Cumhurbaşkanımızın Amerika gezisi ve Trump’la yaptığı anlaşmaların iç yüzünü öğrenme şansımız pek yok gibi. Malum bizde objektif basın yok edildi, yerine yandaş basın getirildi.

Yandaş basının iktidar yanlısı sözcülerinin anlattıkları ile muhalif yandaşların anlattıkları her zamanki gibi birbirini tutmuyor. Bir taraf uçuruyor, diğer taraf gömüyor!

İşin doğrusu nedir? Vallahi onu merak eden de pek yok. Yandaşların dinleyicileri, yandaş oldukları partilerine göre konuşuyor.

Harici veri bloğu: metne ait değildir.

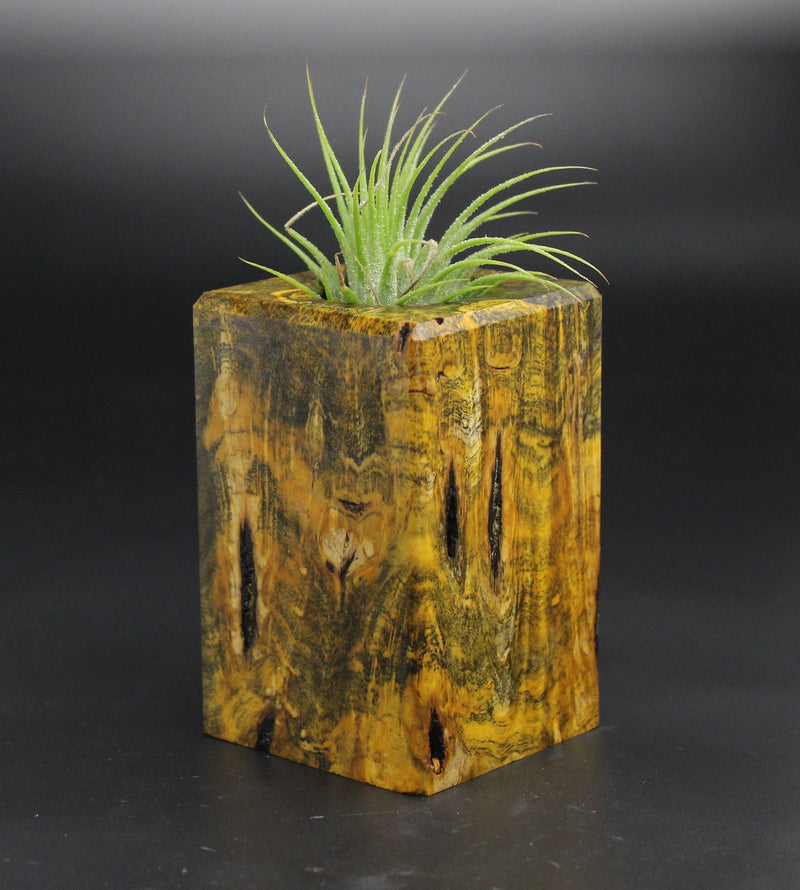 Wood Burl  Air Plant Holder - Shane (Wood Burl, 701550)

Yandaş olmayanlar ise aşının, ekmeğinin derdine düşmüş, “bana ne” diyor!

Muhalefet basını, “2011 yılında yerli ve milli uçağımız göklerde diyordunuz, Amerika’dan 300 kadar uçağı niye aldık?” diyor. “Gabar’da benzin, Karadeniz’de gaz bulmuştuk, okyanus ötesinden niye gaz aldık?” diye soruyor.

İktidar basını ise koskoca Amerikan Başkanının bizi ne kadar övdüğünü, önemsediğini anlatıyor.

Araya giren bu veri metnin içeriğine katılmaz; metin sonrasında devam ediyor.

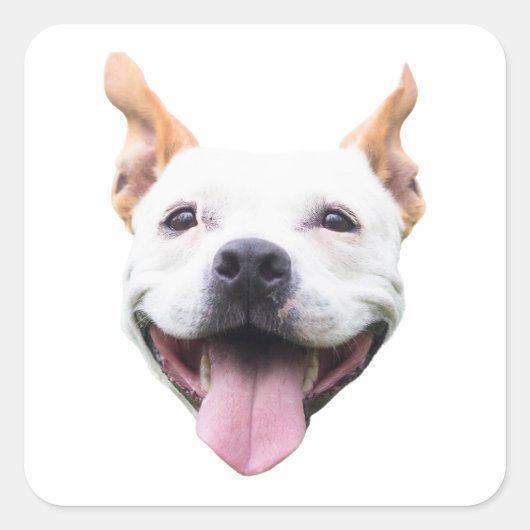 オーダーメイド フェイスステッカー、犬の顔をパーソナライズ スクエアシール (正面)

Kafalar karışık. Amerika’da bir şeyler oldu ama iyi mi oldu, kötü mü oldu, anlamadık.

Tüm bu pazarlıkların yanında bir konu daha gündeme geldi ki kafalar tümden karıştı! Ben de dahil çoğumuzun ilk defa duyduğu bir konu: Heybeliada Ruhban Okulu’nun yeniden açılması.

“Bu nedir?” diye internette sorgulattığımızda çıkan sayfalar dolusu yazıları okumak hafta sonumu aldı. Bu okul, Osmanlı döneminde 16. yüzyılda kilise olarak açılmış. Sonra 1 Ekim 1844’te ruhban okulu olarak faaliyet göstermeye başlamış. Fener Rum Patrikhanesine bağlı okulun ülke güvenliği için sorun olduğunu görenler, kapatma girişiminde bulunmuş ancak olmamış. 1950’lere gelindiğinde okul yeniden faal duruma gelmiş, 1971’de ise kapatılmış.

Kim açmış, kim desteklemiş, kim kapatmış, neden kapatmış… Varın merak ediyorsanız kendiniz araştırın.

Şimdi neden gündemde, neden yeniden açılması için kollar sıvanmış? Hiçbir bilgimiz yok!

Almanya’da Türkler, Araplar cami açarken bizde kiliseleri kapatmışız; elbette açmak lazım da denilebilir. Ama onlar bizim gibi masum masum ibadet etmiyorlar, rahat durmuyorlar ki!

Öte yandan Avrupa’da son 5 yüzyılda bir tek kilise açılmaz, yaptırılmazken bizde niye onlarca kilise art arda açılıyor?

Kendi adıma ben bu Heybeliada Ruhban Okulu fikrini pek beğenmedim. Keşke eskisi gibi objektif basınımız ve gazetecilerimiz olsa da şu meseleyi bir öğrensek. Ancak günümüzde ne deprem dedelere, ne hukukçulara, ne siyasetçilere, ne gazetecilere, ne tarihçilere, ne de din adamlarına güven kaldı.

Kısacası güvenecek kimse, tutunacak dal kalmadı vesselam!